LONDON (Reuters) - European shares slid on Thursday as a flurry of uninspiring earnings updates from retailer Carrefour and advertiser WPP kept the mood downbeat, while broader jitters over tightening monetary policy spilled over into a new month.
Results were squarely in focus, with shares in French supermarket Carrefour (CARR.PA) dropping 6 percent after the group cut its dividend and gave a cautious 2018 profit outlook.
Many retailers have struggled in the face of Amazon’s rise and the need to adapt to a tech-led world.
“If you’re looking at companies like Amazon which are hoovering up market share ... you have seen some weaker performers,” Jasper Reimers, senior analyst at Vertex Capital Group, said.
“On the whole, I would say it certainly hasn’t been a bad (European) earnings season at all.”
Plans by fast-fashion company Zalando (ZALG.DE) to expand into two new markets were not met well by the market, with its shares also falling 6.1 percent as investors assessed the impact of such heavy investment.
Elsewhere, Britain’s Carpetright (CPRC.L) slumped nearly 22 percent after saying that it was in talks with lenders about shoring up its balance sheet, following a profit warning at the end of January.
Advertiser WPP’s (WPP.L) shares dropped 8.2 percent after it said that it would simplify its structure after posting its worst performance since the financial crisis as consumer goods firms cut their spending on advertising.
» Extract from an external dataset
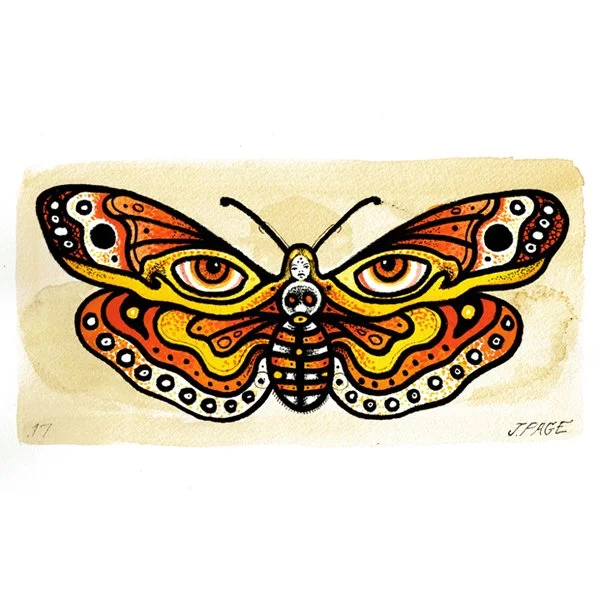 Jeffery-Page-Web-Gallery-Morning-Coffee-Projects-Death-Head-Girl-Moth-Halloween-Transformation-MothGirl.jpg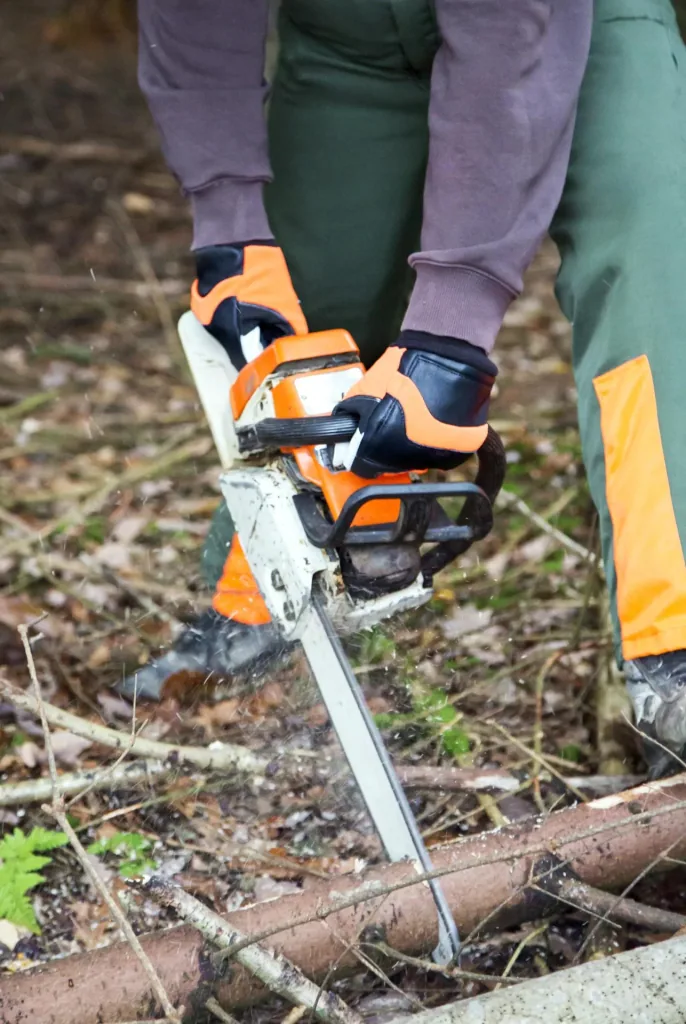 Motorsägenhandschuh Forester Gr. 9/L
On the positive side, shares in beer giant Anheuser-Busch InBev (ABI.BR) jumped 2.2 percent after its fourth quarter profit beat expectations thanks to a rebound in Brazil and savings from its 2016 purchase of SABMiller.
More broadly, equity markets continue to be dogged by concerns over higher bond yields, rising inflation and the potential for higher interest rates in the United States.
These worries were reignited on Tuesday when new Federal Reserve chief Jerome Powell struck a bullish tone on the strength of the economy.
Powell spoke again on Thursday, saying however there was no evidence that the U.S. economy was overheating. His comments helped Wall Street pare initial losses but had little impact in Europe.